**Task prompt:**
Only an exact copy of the lines beginning at the one that contains "country chickens scene Tank Top" and ending at the last line of the records below counts as the answer.

※

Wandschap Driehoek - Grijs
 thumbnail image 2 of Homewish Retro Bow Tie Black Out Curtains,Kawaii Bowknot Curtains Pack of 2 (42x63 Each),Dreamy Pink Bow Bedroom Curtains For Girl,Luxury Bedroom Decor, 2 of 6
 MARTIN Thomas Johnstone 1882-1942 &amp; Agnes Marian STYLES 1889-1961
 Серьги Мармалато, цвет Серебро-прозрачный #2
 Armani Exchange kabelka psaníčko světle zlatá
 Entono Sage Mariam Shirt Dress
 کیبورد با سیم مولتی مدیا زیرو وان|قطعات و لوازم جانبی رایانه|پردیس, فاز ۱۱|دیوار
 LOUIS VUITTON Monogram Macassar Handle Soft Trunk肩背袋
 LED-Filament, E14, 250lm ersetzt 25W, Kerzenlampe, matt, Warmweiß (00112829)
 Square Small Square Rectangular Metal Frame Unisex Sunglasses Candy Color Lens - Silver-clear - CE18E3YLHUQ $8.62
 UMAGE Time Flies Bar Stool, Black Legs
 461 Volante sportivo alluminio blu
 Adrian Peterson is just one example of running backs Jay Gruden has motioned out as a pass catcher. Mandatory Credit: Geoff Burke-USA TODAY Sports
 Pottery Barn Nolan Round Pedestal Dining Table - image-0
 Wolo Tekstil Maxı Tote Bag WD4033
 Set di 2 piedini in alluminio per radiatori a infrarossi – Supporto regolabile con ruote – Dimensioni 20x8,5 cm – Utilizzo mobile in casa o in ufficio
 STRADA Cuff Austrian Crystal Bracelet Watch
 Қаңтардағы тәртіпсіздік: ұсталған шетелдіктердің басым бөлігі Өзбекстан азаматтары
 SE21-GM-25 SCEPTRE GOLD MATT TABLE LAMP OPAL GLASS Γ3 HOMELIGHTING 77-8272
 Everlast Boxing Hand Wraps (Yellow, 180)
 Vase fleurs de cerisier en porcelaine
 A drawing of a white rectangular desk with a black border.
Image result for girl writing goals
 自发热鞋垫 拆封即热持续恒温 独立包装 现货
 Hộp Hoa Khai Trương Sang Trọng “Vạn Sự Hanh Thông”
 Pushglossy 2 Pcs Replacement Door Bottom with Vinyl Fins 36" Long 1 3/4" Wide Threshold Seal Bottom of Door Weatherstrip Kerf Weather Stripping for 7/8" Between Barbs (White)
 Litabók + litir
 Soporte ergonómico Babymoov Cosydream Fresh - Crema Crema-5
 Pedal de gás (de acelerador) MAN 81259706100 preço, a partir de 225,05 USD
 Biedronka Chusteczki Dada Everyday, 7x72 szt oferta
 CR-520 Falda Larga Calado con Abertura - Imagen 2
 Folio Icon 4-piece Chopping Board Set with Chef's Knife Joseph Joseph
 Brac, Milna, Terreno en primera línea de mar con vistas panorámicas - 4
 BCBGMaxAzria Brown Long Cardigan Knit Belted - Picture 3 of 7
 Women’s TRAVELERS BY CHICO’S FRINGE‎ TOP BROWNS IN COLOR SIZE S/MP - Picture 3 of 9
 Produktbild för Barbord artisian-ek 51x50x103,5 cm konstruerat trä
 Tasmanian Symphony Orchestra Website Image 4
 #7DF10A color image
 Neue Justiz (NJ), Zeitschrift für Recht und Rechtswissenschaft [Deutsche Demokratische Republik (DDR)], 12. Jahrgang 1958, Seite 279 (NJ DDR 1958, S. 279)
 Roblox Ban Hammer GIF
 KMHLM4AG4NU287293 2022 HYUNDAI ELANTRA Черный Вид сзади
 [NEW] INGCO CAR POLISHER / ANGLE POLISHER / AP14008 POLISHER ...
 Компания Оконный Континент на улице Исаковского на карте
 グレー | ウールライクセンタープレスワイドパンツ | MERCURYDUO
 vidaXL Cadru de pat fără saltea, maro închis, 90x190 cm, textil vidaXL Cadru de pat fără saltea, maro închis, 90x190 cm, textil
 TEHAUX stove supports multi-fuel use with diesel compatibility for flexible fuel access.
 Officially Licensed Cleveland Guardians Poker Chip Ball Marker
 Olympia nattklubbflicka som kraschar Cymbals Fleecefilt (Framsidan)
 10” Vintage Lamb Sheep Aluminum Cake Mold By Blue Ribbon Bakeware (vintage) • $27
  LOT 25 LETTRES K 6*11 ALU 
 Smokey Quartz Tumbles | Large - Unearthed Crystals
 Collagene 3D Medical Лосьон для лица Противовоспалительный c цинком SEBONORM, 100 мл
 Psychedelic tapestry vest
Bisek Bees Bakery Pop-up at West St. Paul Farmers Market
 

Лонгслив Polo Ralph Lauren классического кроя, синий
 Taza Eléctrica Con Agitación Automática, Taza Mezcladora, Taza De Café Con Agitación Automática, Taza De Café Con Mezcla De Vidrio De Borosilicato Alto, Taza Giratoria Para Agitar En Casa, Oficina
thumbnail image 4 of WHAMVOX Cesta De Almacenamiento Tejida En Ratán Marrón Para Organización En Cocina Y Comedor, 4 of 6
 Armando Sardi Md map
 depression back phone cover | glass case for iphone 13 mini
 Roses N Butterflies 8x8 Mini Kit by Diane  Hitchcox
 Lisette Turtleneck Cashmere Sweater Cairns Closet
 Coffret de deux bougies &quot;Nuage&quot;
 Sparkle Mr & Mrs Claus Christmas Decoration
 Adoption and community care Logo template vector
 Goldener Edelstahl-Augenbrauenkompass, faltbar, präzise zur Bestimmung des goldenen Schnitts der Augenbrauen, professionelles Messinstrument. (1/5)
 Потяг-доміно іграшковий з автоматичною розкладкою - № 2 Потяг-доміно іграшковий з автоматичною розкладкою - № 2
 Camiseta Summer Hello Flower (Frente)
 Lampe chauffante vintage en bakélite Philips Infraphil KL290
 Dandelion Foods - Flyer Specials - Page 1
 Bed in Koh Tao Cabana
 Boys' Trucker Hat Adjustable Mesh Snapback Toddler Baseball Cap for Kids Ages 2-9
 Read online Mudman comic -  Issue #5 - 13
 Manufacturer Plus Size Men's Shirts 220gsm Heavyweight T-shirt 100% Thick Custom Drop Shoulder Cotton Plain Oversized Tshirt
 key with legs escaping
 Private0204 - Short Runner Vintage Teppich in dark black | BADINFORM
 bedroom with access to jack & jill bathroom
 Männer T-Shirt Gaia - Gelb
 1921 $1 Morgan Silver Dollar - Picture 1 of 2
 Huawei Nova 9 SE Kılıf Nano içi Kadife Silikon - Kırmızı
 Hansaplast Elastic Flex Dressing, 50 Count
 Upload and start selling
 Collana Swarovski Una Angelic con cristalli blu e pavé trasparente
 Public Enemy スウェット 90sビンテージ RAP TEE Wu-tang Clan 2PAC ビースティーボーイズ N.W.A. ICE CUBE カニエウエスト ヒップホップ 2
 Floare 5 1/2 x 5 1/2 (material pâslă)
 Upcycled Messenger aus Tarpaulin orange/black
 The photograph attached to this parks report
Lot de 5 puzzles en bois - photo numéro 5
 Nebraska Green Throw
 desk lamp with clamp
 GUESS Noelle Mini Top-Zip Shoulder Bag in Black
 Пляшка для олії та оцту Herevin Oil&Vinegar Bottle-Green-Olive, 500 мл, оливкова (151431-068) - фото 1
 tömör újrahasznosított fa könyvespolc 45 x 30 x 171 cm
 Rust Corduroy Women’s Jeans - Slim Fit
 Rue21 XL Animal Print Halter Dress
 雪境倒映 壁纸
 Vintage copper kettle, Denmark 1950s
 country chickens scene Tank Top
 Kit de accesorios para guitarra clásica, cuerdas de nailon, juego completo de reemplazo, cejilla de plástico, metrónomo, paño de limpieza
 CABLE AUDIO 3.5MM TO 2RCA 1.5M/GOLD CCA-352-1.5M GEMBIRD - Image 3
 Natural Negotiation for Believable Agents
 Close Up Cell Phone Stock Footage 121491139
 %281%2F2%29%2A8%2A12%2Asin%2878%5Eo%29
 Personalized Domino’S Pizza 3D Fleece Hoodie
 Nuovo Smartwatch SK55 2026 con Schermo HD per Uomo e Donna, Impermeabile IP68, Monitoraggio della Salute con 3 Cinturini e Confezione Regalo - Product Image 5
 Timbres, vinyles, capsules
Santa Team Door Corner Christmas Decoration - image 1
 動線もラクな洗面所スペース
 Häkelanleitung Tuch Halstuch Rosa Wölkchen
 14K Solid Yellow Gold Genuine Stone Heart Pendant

※

**Reply to the task:**
 country chickens scene Tank Top
 Kit de accesorios para guitarra clásica, cuerdas de nailon, juego completo de reemplazo, cejilla de plástico, metrónomo, paño de limpieza
 CABLE AUDIO 3.5MM TO 2RCA 1.5M/GOLD CCA-352-1.5M GEMBIRD - Image 3
 Natural Negotiation for Believable Agents
 Close Up Cell Phone Stock Footage 121491139
 %281%2F2%29%2A8%2A12%2Asin%2878%5Eo%29
 Personalized Domino’S Pizza 3D Fleece Hoodie
 Nuovo Smartwatch SK55 2026 con Schermo HD per Uomo e Donna, Impermeabile IP68, Monitoraggio della Salute con 3 Cinturini e Confezione Regalo - Product Image 5
 Timbres, vinyles, capsules
Santa Team Door Corner Christmas Decoration - image 1
 動線もラクな洗面所スペース
 Häkelanleitung Tuch Halstuch Rosa Wölkchen
 14K Solid Yellow Gold Genuine Stone Heart Pendant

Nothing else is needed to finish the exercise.